Saturday, March 21, 2009

Assignment 8: Belkin

In Belkin’s essay “The Opt-Out Revolution”, she argues that many professional women are using childbirth as an easy way of ‘opting out’ of jobs which fail to satisfy them. She insinuates that women—and she generalizes her findings to all women from her relatively small sample of highly educated, wealthy women—are quitting their jobs after having children because they simply find that their families are more important to them than their careers, and many have criticized her for this. A major criticism is that she may overemphasize the pull of family while underemphasizing the ‘push’ of work—the unwillingness at women’s workplaces to consider the added burden of a child and offer assistance such as granting new mothers more paid leave time and flexible hours.

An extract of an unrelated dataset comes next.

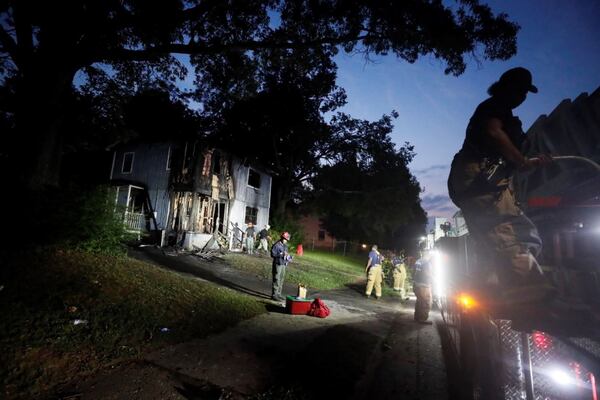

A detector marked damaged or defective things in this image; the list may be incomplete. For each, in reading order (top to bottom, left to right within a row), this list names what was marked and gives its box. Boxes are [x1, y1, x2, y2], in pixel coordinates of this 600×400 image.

fire-damaged house [109, 141, 274, 250]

My experience growing up was perhaps opposite of the norm; my mom worked full-time while my dad stayed at home for much of my childhood. Unfortunately, I was not really able to see if he had more or less trouble than a woman might in returning to the workforce after such a long hiatus, since he chose to start his own business. As for my mother, though, I’ve always had a great deal of respect for her as a career woman and never really felt like I didn’t have enough time with her or that she was choosing her career over me. I feel she has set a great example for me—even though I know I can’t necessarily expect to find as easy a solution to the dilemma of child care versus career as she did.